:: TASK DESCRIPTION ::
In the material below, begin at the line that has "[009840] Suport de", stop after the line that has "DIVINITI Maa Lakshmi", and transcribe those lines exactly, without pictures.

:: SOURCE MATERIAL ::
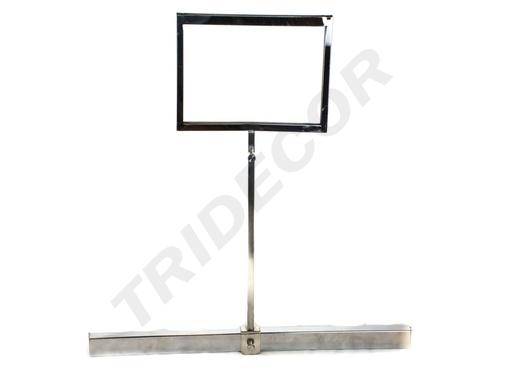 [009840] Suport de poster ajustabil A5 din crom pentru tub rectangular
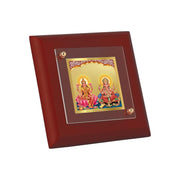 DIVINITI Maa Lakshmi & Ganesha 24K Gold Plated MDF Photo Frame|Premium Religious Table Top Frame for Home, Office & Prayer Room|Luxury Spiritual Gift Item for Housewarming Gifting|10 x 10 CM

* * *

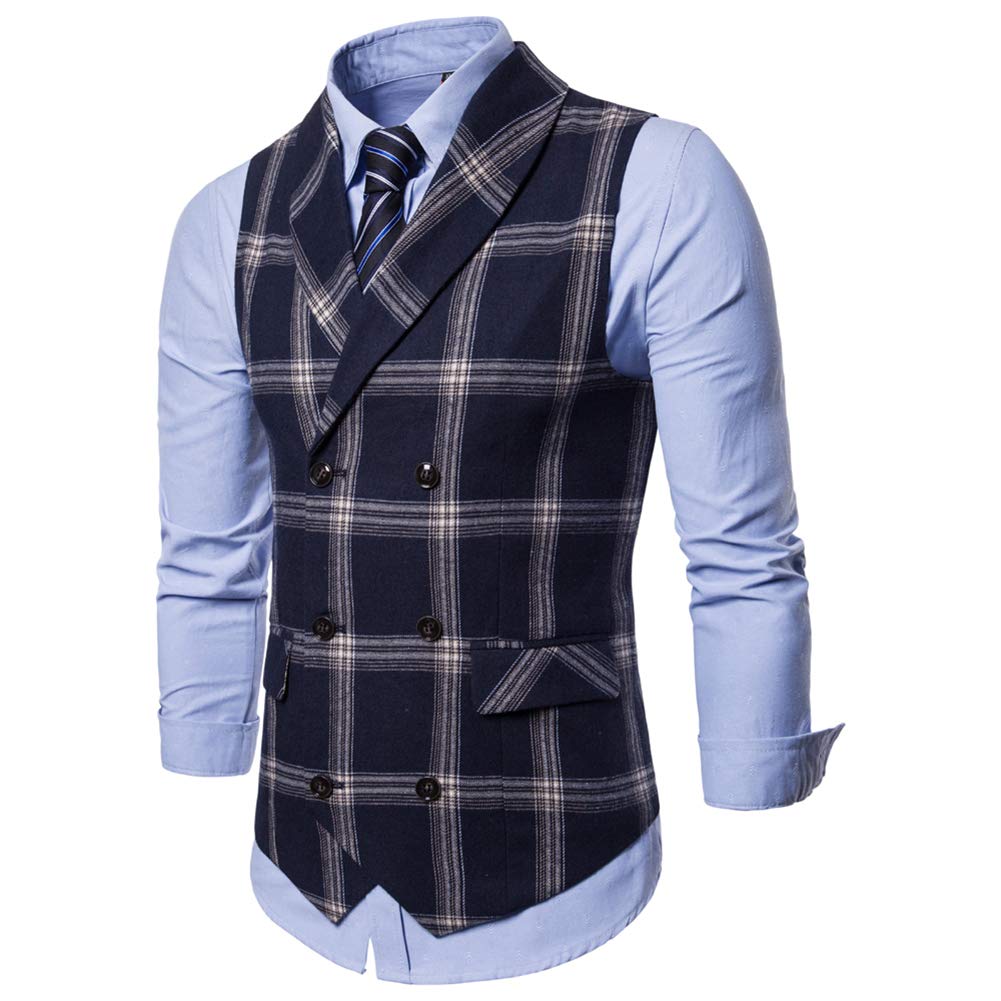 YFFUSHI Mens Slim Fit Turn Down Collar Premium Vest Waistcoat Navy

==

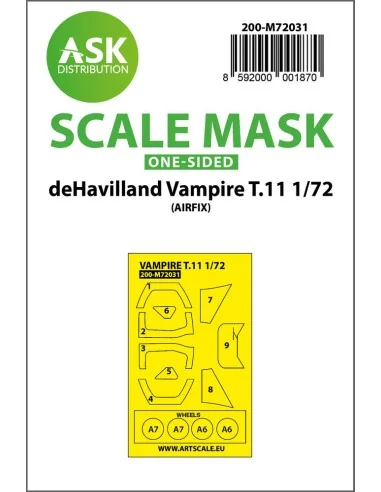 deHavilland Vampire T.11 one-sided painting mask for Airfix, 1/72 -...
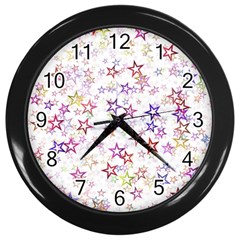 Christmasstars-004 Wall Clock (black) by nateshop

:: EXPECTED ANSWER ::
 [009840] Suport de poster ajustabil A5 din crom pentru tub rectangular
 DIVINITI Maa Lakshmi & Ganesha 24K Gold Plated MDF Photo Frame|Premium Religious Table Top Frame for Home, Office & Prayer Room|Luxury Spiritual Gift Item for Housewarming Gifting|10 x 10 CM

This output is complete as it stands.